This thread has been locked.

If you have a related question, please click the "Ask a related question" button in the top right corner. The newly created question will be automatically linked to this question.

AM6442: Benchmark details

Part Number: AM6442

Dear TI team,

I have been referring the benchmark application note. I have noted the R5F latencies are mentioned in nanoseconds. Does that mean, "to read One Byte of data from External DDR, the R5F core would face a latency of 280ns " ? Is it possible to mention the same in terms of MB/s? 

Thank you

Chris

  • Chris,

    The memory latency numbers cannot be directly translated to bandwidth. Usually, the latency benchmark is the most critical metric for realtime applications.

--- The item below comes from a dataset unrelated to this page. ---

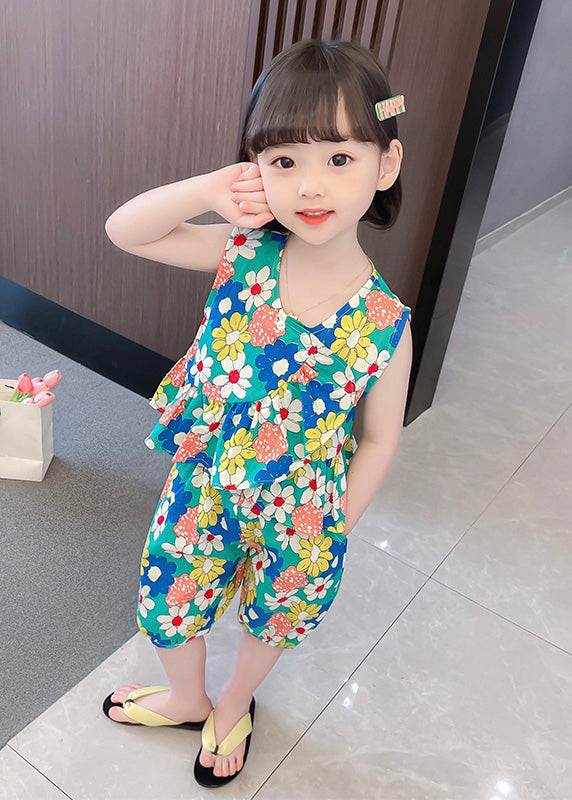 Novelty Green O-Neck Print Cotton Vest And Shorts Kids Two Piece Set Summer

The benchmark app report does include memory latency and bandwidth achievable for the Cortex A53 cores (let_mem_rd for latency, bw_mem for bandwidth).

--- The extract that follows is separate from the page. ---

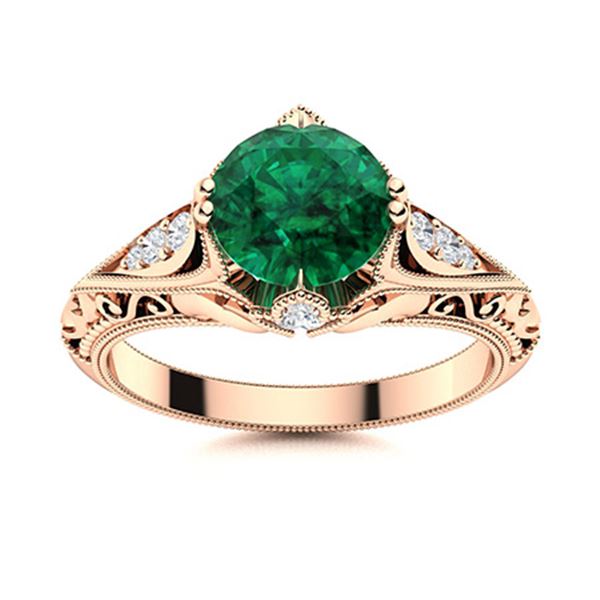 Natural 0.89 CTW Emerald & Diamond Engagement Ring 18K Rose Gold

    If you create a benchmark, typically the R5 core will have a single cache line (32bytes) in flight per the latency listed for simple SW based memory read or copy loops. For writes there can be multiple lines in flight. For higher bandwidth you would use the block copy DMA (BCDMA) to page in and out data to the TCM memory.

      Pekka

  • Thanks Pekka,

    In our application, from R5F core we need to transfer data to a shared location in DDR at a rate of 1MB/s and all other cores has to access shared location in every 1 ms. Basically we are estimating the time consumption by each cores while accessing the shared memory locations. So can we assume the latencies are marked to read 32 bytes of data from the respective memory locations?

    Thank you

    Chris

  • Yes for a very rough estimate one cache line per latency is good. Overall 1MB/s is a low bandwidth load, the ballpark on R5 max bandwidth writing to DDR4/LPDDR4 will be at least an order of magnitude higher probably closer to two orders of magnitude higher.

    One access per millisecond from other cores is even lower. Assuming this is a small access (cache line) even the jitter from the interference will be smaller than for example the DDR refresh caused jitter.